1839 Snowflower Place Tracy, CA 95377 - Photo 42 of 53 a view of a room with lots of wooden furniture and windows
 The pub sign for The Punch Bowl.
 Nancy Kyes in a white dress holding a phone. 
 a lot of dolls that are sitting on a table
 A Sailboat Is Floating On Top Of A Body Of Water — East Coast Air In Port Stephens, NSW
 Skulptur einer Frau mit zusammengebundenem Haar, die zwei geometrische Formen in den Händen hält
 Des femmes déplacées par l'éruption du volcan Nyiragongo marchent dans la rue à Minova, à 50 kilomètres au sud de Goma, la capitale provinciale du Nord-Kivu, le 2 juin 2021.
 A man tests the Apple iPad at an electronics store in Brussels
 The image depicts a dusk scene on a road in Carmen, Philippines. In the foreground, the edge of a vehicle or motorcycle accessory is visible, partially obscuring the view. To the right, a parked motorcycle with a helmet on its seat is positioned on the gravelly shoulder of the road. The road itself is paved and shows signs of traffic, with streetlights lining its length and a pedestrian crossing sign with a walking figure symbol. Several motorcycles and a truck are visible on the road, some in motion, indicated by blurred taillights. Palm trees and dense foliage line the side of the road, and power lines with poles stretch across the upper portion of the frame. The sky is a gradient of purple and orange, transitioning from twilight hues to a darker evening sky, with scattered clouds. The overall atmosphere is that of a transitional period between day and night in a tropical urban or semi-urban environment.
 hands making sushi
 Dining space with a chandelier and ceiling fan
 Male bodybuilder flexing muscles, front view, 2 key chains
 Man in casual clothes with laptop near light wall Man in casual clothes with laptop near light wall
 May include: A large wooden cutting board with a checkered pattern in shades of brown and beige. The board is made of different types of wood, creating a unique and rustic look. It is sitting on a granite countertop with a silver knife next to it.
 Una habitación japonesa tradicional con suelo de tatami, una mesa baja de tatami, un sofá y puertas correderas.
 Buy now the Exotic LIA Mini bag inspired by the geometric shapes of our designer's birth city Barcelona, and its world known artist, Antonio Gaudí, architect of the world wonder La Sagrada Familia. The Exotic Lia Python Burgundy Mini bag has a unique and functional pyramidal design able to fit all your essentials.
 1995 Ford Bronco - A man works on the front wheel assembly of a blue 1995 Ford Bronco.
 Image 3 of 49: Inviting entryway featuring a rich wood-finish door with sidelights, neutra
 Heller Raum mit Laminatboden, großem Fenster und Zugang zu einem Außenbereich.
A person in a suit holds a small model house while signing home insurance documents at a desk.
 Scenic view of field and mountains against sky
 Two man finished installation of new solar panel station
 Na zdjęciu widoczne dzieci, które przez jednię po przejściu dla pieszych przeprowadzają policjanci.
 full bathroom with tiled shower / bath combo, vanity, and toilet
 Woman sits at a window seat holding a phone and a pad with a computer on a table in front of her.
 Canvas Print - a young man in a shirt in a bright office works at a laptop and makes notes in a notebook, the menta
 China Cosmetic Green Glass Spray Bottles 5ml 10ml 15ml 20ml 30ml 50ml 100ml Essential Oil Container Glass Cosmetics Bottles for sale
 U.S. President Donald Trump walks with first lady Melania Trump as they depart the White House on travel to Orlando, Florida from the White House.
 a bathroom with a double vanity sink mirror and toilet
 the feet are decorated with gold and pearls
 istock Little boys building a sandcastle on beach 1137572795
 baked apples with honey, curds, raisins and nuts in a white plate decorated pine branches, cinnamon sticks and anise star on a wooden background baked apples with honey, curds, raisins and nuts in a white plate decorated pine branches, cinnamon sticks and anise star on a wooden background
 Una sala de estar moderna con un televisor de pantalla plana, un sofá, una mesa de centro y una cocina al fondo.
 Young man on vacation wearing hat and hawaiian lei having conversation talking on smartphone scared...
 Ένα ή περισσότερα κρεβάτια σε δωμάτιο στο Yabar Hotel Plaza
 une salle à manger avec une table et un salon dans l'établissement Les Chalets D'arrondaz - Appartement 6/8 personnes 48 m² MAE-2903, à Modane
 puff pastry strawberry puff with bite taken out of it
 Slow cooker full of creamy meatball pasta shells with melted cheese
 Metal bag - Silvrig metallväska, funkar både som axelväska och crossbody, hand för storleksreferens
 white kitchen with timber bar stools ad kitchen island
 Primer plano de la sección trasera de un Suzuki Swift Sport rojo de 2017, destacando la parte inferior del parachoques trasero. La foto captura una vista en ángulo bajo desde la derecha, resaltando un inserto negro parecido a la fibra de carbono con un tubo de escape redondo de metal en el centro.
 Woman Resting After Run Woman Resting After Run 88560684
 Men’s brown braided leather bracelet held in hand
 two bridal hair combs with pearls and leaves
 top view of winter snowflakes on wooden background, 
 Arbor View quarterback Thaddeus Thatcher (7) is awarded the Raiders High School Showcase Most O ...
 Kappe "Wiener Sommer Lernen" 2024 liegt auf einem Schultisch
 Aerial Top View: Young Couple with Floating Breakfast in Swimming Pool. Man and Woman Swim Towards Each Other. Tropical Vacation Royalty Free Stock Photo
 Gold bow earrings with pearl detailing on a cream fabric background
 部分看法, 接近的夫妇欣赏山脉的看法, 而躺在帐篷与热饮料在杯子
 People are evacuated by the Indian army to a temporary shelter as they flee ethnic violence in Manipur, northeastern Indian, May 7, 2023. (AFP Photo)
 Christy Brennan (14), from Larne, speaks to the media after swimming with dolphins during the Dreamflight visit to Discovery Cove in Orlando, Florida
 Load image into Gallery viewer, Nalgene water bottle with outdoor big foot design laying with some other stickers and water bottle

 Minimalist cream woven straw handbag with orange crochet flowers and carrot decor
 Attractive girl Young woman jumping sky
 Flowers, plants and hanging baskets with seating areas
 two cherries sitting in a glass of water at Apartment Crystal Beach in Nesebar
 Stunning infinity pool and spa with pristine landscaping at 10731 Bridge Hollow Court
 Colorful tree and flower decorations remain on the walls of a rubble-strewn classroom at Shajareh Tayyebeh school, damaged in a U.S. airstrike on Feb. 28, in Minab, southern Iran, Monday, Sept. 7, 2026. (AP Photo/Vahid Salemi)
-------
■ **Work to complete**
Above are the entries; return each one exactly.

■ **Solution to this exercise**
1839 Snowflower Place Tracy, CA 95377 - Photo 42 of 53 a view of a room with lots of wooden furniture and windows
 The pub sign for The Punch Bowl.
 Nancy Kyes in a white dress holding a phone. 
 a lot of dolls that are sitting on a table
 A Sailboat Is Floating On Top Of A Body Of Water — East Coast Air In Port Stephens, NSW
 Skulptur einer Frau mit zusammengebundenem Haar, die zwei geometrische Formen in den Händen hält
 Des femmes déplacées par l'éruption du volcan Nyiragongo marchent dans la rue à Minova, à 50 kilomètres au sud de Goma, la capitale provinciale du Nord-Kivu, le 2 juin 2021.
 A man tests the Apple iPad at an electronics store in Brussels
 The image depicts a dusk scene on a road in Carmen, Philippines. In the foreground, the edge of a vehicle or motorcycle accessory is visible, partially obscuring the view. To the right, a parked motorcycle with a helmet on its seat is positioned on the gravelly shoulder of the road. The road itself is paved and shows signs of traffic, with streetlights lining its length and a pedestrian crossing sign with a walking figure symbol. Several motorcycles and a truck are visible on the road, some in motion, indicated by blurred taillights. Palm trees and dense foliage line the side of the road, and power lines with poles stretch across the upper portion of the frame. The sky is a gradient of purple and orange, transitioning from twilight hues to a darker evening sky, with scattered clouds. The overall atmosphere is that of a transitional period between day and night in a tropical urban or semi-urban environment.
 hands making sushi
 Dining space with a chandelier and ceiling fan
 Male bodybuilder flexing muscles, front view, 2 key chains
 Man in casual clothes with laptop near light wall Man in casual clothes with laptop near light wall
 May include: A large wooden cutting board with a checkered pattern in shades of brown and beige. The board is made of different types of wood, creating a unique and rustic look. It is sitting on a granite countertop with a silver knife next to it.
 Una habitación japonesa tradicional con suelo de tatami, una mesa baja de tatami, un sofá y puertas correderas.
 Buy now the Exotic LIA Mini bag inspired by the geometric shapes of our designer's birth city Barcelona, and its world known artist, Antonio Gaudí, architect of the world wonder La Sagrada Familia. The Exotic Lia Python Burgundy Mini bag has a unique and functional pyramidal design able to fit all your essentials.
 1995 Ford Bronco - A man works on the front wheel assembly of a blue 1995 Ford Bronco.
 Image 3 of 49: Inviting entryway featuring a rich wood-finish door with sidelights, neutra
 Heller Raum mit Laminatboden, großem Fenster und Zugang zu einem Außenbereich.
A person in a suit holds a small model house while signing home insurance documents at a desk.
 Scenic view of field and mountains against sky
 Two man finished installation of new solar panel station
 Na zdjęciu widoczne dzieci, które przez jednię po przejściu dla pieszych przeprowadzają policjanci.
 full bathroom with tiled shower / bath combo, vanity, and toilet
 Woman sits at a window seat holding a phone and a pad with a computer on a table in front of her.
 Canvas Print - a young man in a shirt in a bright office works at a laptop and makes notes in a notebook, the menta
 China Cosmetic Green Glass Spray Bottles 5ml 10ml 15ml 20ml 30ml 50ml 100ml Essential Oil Container Glass Cosmetics Bottles for sale
 U.S. President Donald Trump walks with first lady Melania Trump as they depart the White House on travel to Orlando, Florida from the White House.
 a bathroom with a double vanity sink mirror and toilet
 the feet are decorated with gold and pearls
 istock Little boys building a sandcastle on beach 1137572795
 baked apples with honey, curds, raisins and nuts in a white plate decorated pine branches, cinnamon sticks and anise star on a wooden background baked apples with honey, curds, raisins and nuts in a white plate decorated pine branches, cinnamon sticks and anise star on a wooden background
 Una sala de estar moderna con un televisor de pantalla plana, un sofá, una mesa de centro y una cocina al fondo.
 Young man on vacation wearing hat and hawaiian lei having conversation talking on smartphone scared...
 Ένα ή περισσότερα κρεβάτια σε δωμάτιο στο Yabar Hotel Plaza
 une salle à manger avec une table et un salon dans l'établissement Les Chalets D'arrondaz - Appartement 6/8 personnes 48 m² MAE-2903, à Modane
 puff pastry strawberry puff with bite taken out of it
 Slow cooker full of creamy meatball pasta shells with melted cheese
 Metal bag - Silvrig metallväska, funkar både som axelväska och crossbody, hand för storleksreferens
 white kitchen with timber bar stools ad kitchen island
 Primer plano de la sección trasera de un Suzuki Swift Sport rojo de 2017, destacando la parte inferior del parachoques trasero. La foto captura una vista en ángulo bajo desde la derecha, resaltando un inserto negro parecido a la fibra de carbono con un tubo de escape redondo de metal en el centro.
 Woman Resting After Run Woman Resting After Run 88560684
 Men’s brown braided leather bracelet held in hand
 two bridal hair combs with pearls and leaves
 top view of winter snowflakes on wooden background, 
 Arbor View quarterback Thaddeus Thatcher (7) is awarded the Raiders High School Showcase Most O ...
 Kappe "Wiener Sommer Lernen" 2024 liegt auf einem Schultisch
 Aerial Top View: Young Couple with Floating Breakfast in Swimming Pool. Man and Woman Swim Towards Each Other. Tropical Vacation Royalty Free Stock Photo
 Gold bow earrings with pearl detailing on a cream fabric background
 部分看法, 接近的夫妇欣赏山脉的看法, 而躺在帐篷与热饮料在杯子
 People are evacuated by the Indian army to a temporary shelter as they flee ethnic violence in Manipur, northeastern Indian, May 7, 2023. (AFP Photo)
 Christy Brennan (14), from Larne, speaks to the media after swimming with dolphins during the Dreamflight visit to Discovery Cove in Orlando, Florida
 Load image into Gallery viewer, Nalgene water bottle with outdoor big foot design laying with some other stickers and water bottle

 Minimalist cream woven straw handbag with orange crochet flowers and carrot decor
 Attractive girl Young woman jumping sky
 Flowers, plants and hanging baskets with seating areas
 two cherries sitting in a glass of water at Apartment Crystal Beach in Nesebar
 Stunning infinity pool and spa with pristine landscaping at 10731 Bridge Hollow Court
 Colorful tree and flower decorations remain on the walls of a rubble-strewn classroom at Shajareh Tayyebeh school, damaged in a U.S. airstrike on Feb. 28, in Minab, southern Iran, Monday, Sept. 7, 2026. (AP Photo/Vahid Salemi)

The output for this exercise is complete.